Posted by Kat at 11:06 PM | Comments (7)

March 28, 2006

Oh, look. A Plan.

So I'm loving the Rule of Ten idea (well, except for this weekend when I was chomping at the bit to start Clapotis), but I'm apparently feeling the need to prioritize a bit more. Basically, what happened was that at some point last night I realized that I had all these vague ideas floating around in my head. Ideas like "You know, it was be awfully nifty if Birch was noticeably bigger when I bring it to Steph's next signing than it was at the last" and "If I wore Clapotis to NH Sheep & Wool, it would be easy for people to recognize me because it's so freaking bright." (Because you're all coming to Sheep & Wool and want to meet up, right? Right?)

So it seems as though it could be beneficial to write up a list of when I'd sort of like to have various things finished. None of these are hard and fast deadlines, per se - they're more just... goals. A Plan. I seem to attract Plans. Anyway:

April 16 (Easter/next time I'll see my family) - Dave's Scarf and Irish Hiking Scarf
April 21 (Steph's signing in Grafton) - Birch
May 13 (NH Sheep & Wool) - Clapotis and Salina
June 16 (roommate's birthday, so it would be nice if his Christmas present were done) - Campus Scarf
August 5 (family reunion) - Baby Aran
October 14 (Rhinebeck) - Rogue

I've been averaging three finishes a month of late, so that's all totally doable, even with my usual lack of focus. Well, April and May look a little cramped, but... we'll see. The main challenge will be convincing myself to knit anything but Clapotis. It's rather addictive. But today I left it at home and so I have high hopes of getting well into the third ball of yarn for Dave's Scarf at class tonight.
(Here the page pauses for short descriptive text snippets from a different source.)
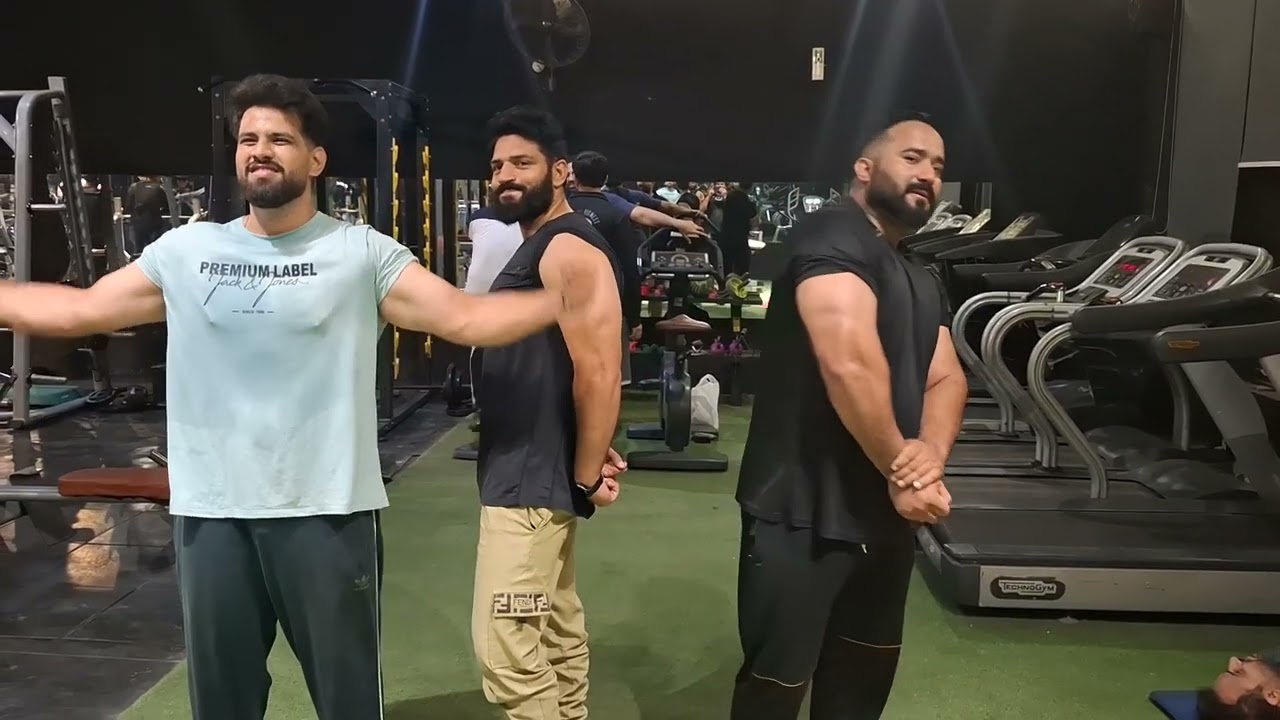 POSING AFTER TRICEPS WORKOUT 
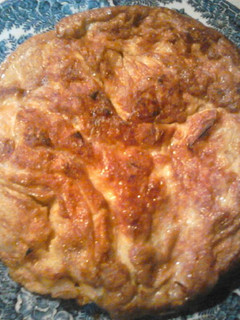 Una foto de Tortilla de patatas y cebolla
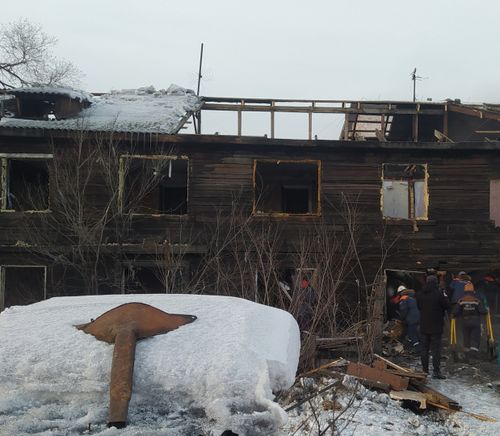 В Кызыле погибший при обрушении в заброшенном доме мужчина разбирал строение на дрова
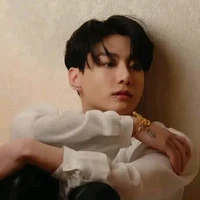Jeon Jungkook(papa cậu)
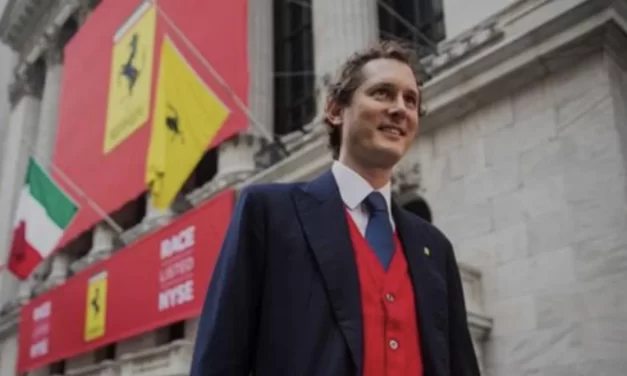 John Elkann: vent’anni di sfide e successi, tra passato e futuro dell’automotive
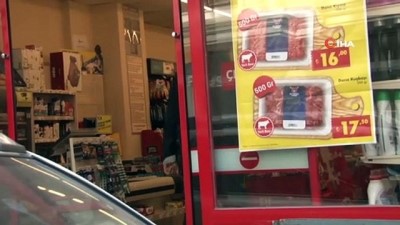 kirkoy -  Fatih’te bir kişi 'beni öldürecekler' diyerek kendini lokantaya ve markete kitledi Videosu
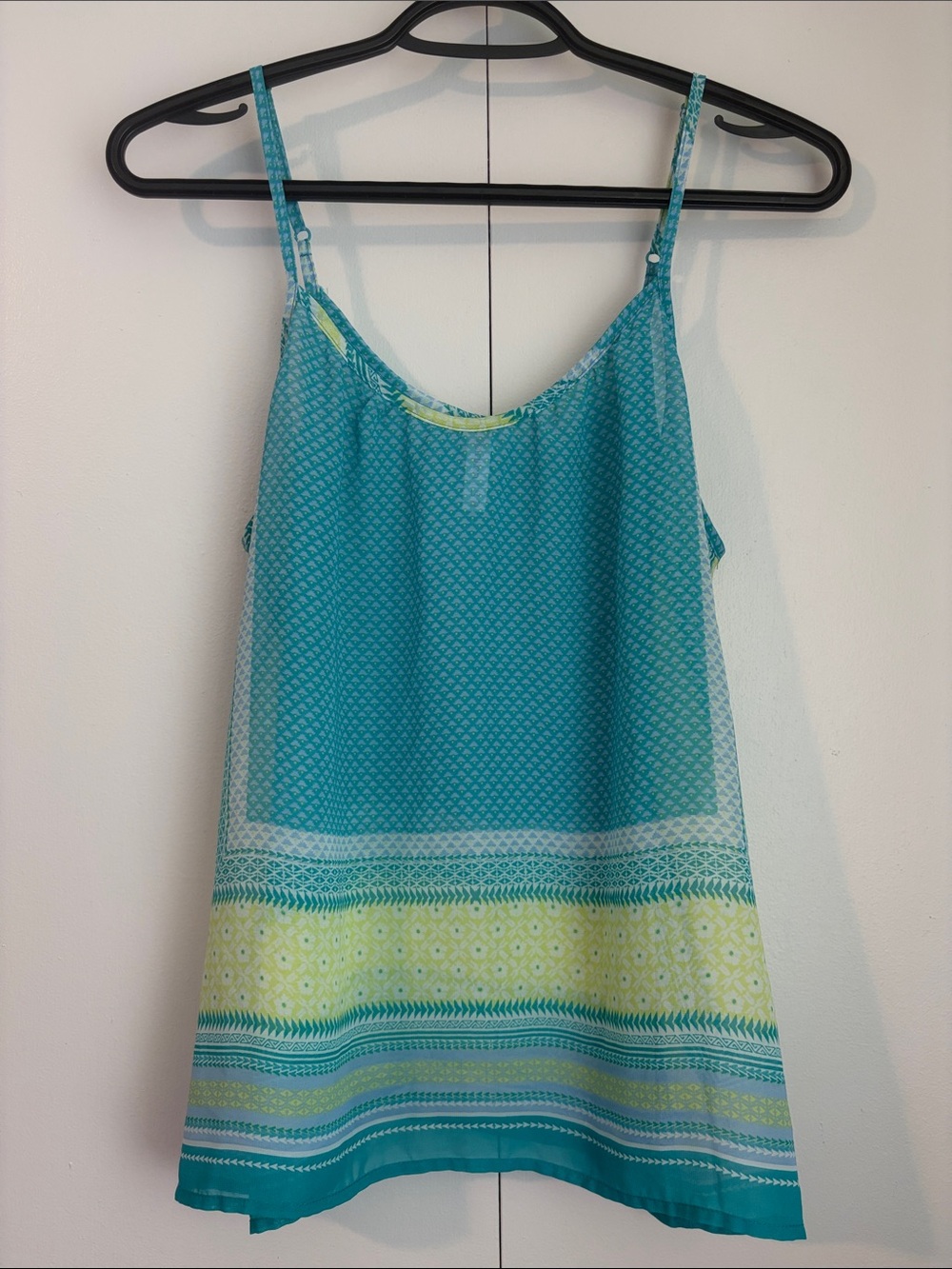 Xhiliration Blue Green Yellow Spaghetti Strap Tank Top Size Large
In other news, we're on Harlot Watch around here. The book is on the truck. On its way to my store. The shipment should get there this afternoon; they may or may not have time to unpack it. (I may or may not go unpack it for them after class.) Erica is supposed to call me with any news, but I'll be driving more or less by the store on the way to class (around 3:30) and on the way back (around 10:30). So. Unless Erica calls and tells me not to, I'll stop on the way down this afternoon - heck, I wouldn't mind a latte for the car anyway - and if there's no sighting by then I'll go back after class. And if for some reason that shipment doesn't make it there today, I'll go back after work tomorrow. Because, you know, what better to do on my night off than go to work? (Don't answer that.)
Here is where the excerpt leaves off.